■ **SUPPLIED INFORMATION**:
┏━━

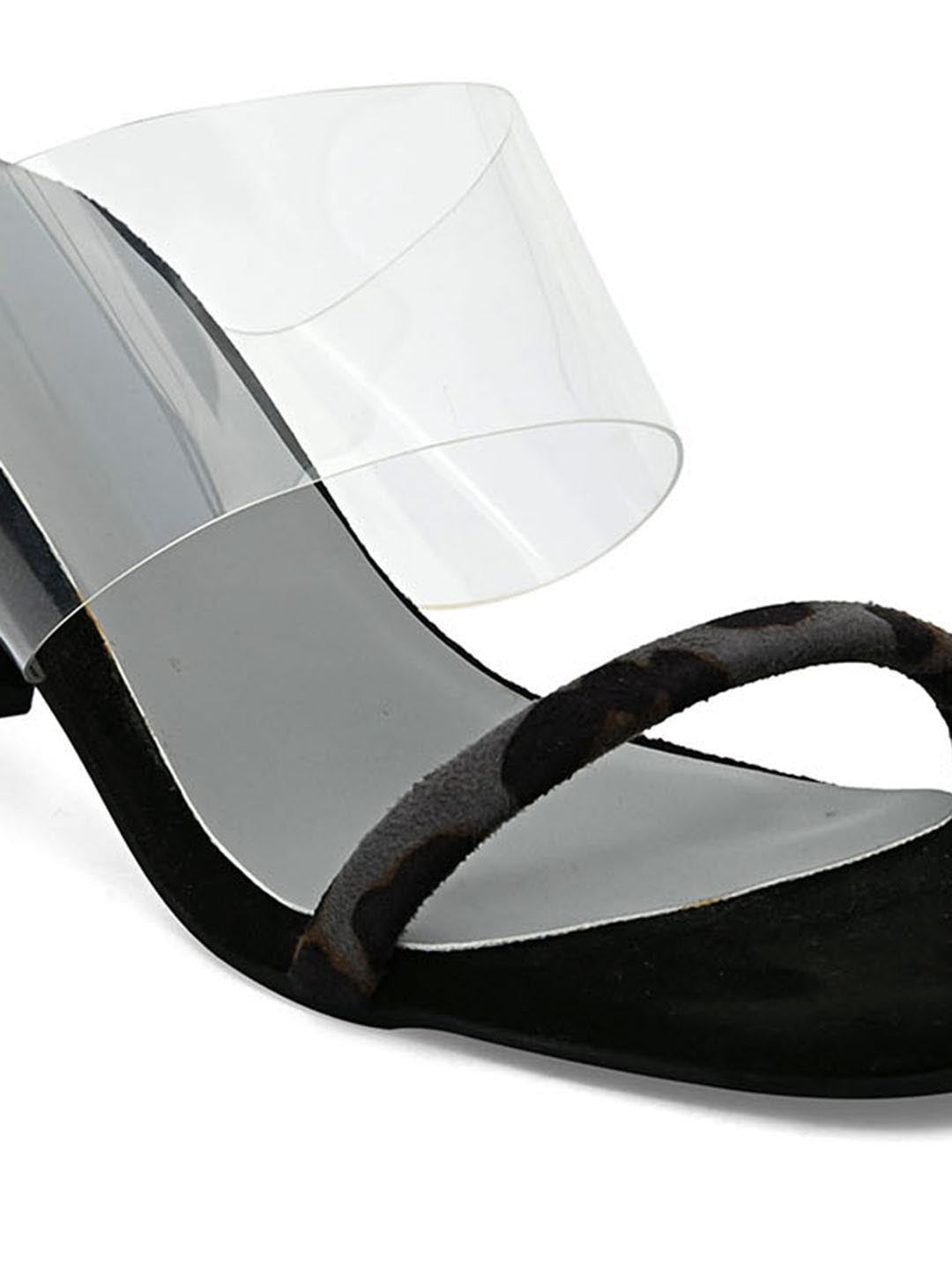 Hydes N Hues Animal Printed Black Block Heels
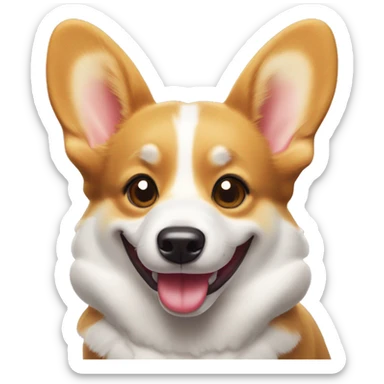 Welsh corgi with a playful grin, sticking out its tongue, expressing mischievous happiness sticker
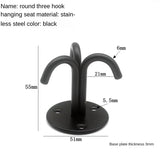 Black Stainless Steel Wall Hook Heavy Duty Fixed Pad Eye Plate Deck Door Buckle U/J-Shaped Heavy Duty Ceiling Mount Hanger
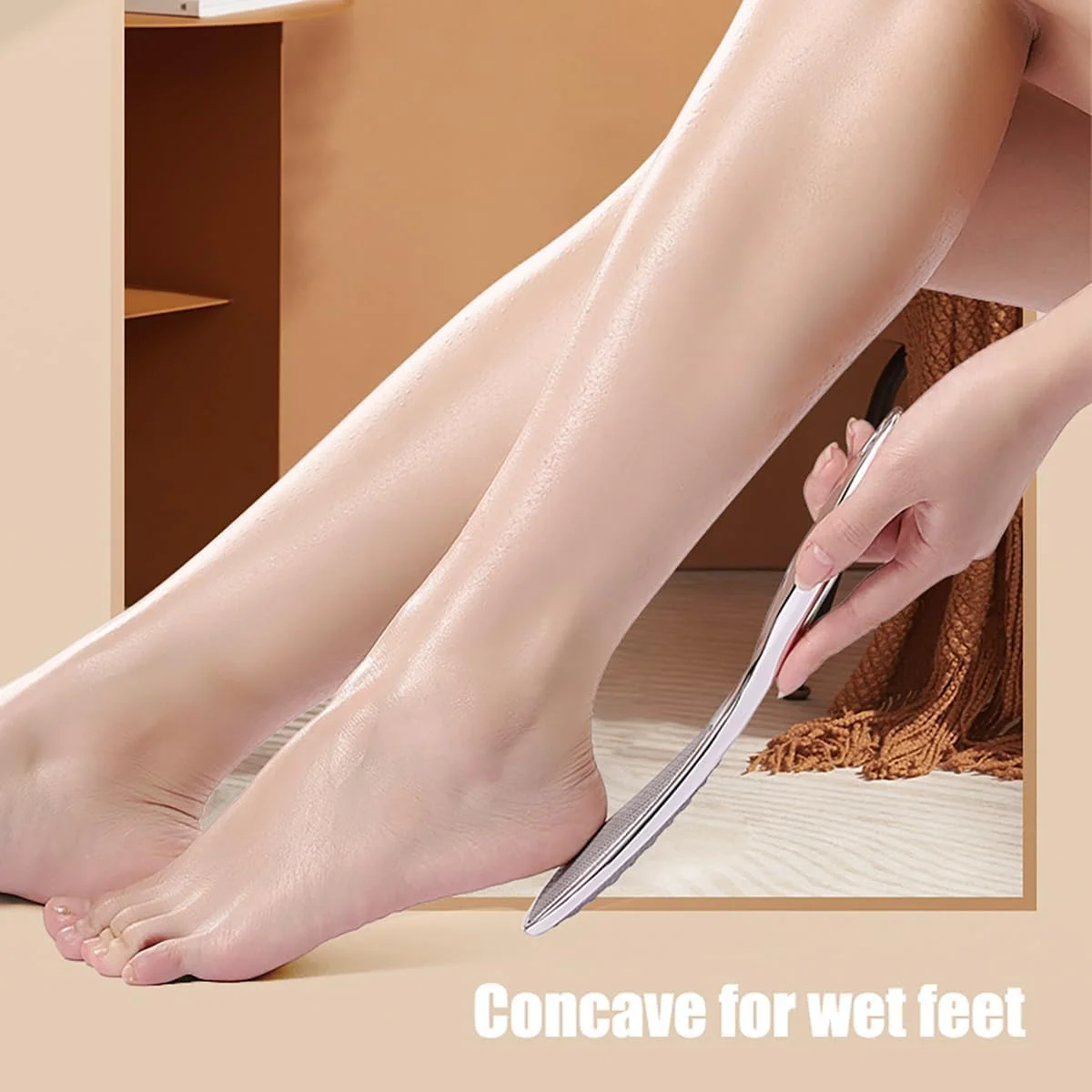 سوهان پا Anbjin، دو طرفه استیل ضد زنگ، از بین برنده پینه پا، ابزار مراقبت از پا با دسته بلند برای پدیکور، برای از بین بردن پینه های سخت پوست برای پاهای مرطوب و خشک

┗━━

■ **EXERCISE PROMPT**: Beginning with the line that contains "Black Stainless Steel", output each line of the material above through the last one exactly as it stands. Do not include the pictures.

■ **RESPONSE AREA**:
 Black Stainless Steel Wall Hook Heavy Duty Fixed Pad Eye Plate Deck Door Buckle U/J-Shaped Heavy Duty Ceiling Mount Hanger
 سوهان پا Anbjin، دو طرفه استیل ضد زنگ، از بین برنده پینه پا، ابزار مراقبت از پا با دسته بلند برای پدیکور، برای از بین بردن پینه های سخت پوست برای پاهای مرطوب و خشک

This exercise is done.